Using the records below, filter out every line that lacks "from" and copy the rest.

[GIVEN ENTRIES]:
^^^^^^^^

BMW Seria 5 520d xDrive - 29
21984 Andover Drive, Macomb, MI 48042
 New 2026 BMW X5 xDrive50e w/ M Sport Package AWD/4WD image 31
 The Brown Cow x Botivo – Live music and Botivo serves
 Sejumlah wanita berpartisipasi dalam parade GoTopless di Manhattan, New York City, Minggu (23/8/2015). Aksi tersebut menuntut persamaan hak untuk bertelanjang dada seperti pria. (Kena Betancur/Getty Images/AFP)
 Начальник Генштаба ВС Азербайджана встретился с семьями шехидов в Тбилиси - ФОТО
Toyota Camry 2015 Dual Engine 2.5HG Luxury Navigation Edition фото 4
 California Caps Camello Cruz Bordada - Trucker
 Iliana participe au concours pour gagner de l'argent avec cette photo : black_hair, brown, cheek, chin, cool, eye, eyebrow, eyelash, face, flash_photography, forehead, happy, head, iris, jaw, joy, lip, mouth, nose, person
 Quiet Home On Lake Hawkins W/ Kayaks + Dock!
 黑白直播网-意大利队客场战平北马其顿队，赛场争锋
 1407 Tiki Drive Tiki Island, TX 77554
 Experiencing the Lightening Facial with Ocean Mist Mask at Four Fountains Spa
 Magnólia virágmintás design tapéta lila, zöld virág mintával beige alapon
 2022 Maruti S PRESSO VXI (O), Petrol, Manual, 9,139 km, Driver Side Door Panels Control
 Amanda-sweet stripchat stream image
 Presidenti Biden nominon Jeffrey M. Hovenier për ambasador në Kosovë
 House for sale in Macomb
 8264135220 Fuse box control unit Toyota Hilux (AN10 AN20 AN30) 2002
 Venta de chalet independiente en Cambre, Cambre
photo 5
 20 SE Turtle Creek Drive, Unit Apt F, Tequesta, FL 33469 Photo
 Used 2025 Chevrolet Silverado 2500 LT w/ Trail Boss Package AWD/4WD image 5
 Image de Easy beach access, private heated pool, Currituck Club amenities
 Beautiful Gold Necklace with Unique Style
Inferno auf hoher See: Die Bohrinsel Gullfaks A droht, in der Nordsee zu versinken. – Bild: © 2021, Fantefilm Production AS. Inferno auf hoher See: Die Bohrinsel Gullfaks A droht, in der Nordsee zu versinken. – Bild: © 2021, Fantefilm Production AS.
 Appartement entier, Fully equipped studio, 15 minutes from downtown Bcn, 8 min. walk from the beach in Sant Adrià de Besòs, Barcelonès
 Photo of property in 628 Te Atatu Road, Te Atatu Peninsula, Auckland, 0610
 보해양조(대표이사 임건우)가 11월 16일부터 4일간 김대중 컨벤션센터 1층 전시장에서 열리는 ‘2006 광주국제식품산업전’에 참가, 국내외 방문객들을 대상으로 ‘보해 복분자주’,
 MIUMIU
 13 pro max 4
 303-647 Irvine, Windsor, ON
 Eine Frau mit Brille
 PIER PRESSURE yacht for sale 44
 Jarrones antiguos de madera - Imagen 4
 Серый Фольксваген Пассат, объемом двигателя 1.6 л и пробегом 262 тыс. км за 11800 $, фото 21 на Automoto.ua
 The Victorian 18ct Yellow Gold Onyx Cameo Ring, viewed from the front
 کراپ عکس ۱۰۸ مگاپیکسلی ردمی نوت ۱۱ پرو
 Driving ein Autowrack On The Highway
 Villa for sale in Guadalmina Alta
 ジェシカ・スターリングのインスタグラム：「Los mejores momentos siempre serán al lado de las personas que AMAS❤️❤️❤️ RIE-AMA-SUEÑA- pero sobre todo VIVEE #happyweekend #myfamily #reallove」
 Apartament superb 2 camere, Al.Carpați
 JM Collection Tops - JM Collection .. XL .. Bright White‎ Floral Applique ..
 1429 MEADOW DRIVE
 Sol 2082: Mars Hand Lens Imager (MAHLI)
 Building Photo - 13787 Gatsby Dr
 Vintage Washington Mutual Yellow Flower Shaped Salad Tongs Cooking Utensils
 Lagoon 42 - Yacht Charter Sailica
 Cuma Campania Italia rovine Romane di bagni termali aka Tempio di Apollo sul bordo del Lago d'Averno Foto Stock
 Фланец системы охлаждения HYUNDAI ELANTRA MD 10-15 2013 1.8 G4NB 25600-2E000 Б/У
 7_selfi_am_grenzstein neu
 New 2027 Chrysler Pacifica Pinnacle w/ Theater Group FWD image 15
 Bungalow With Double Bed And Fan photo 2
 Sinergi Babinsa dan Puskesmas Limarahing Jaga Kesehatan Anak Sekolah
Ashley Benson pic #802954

^^^^^^^^

[OUTPUT FOR THIS EXERCISE]:
 Appartement entier, Fully equipped studio, 15 minutes from downtown Bcn, 8 min. walk from the beach in Sant Adrià de Besòs, Barcelonès
 The Victorian 18ct Yellow Gold Onyx Cameo Ring, viewed from the front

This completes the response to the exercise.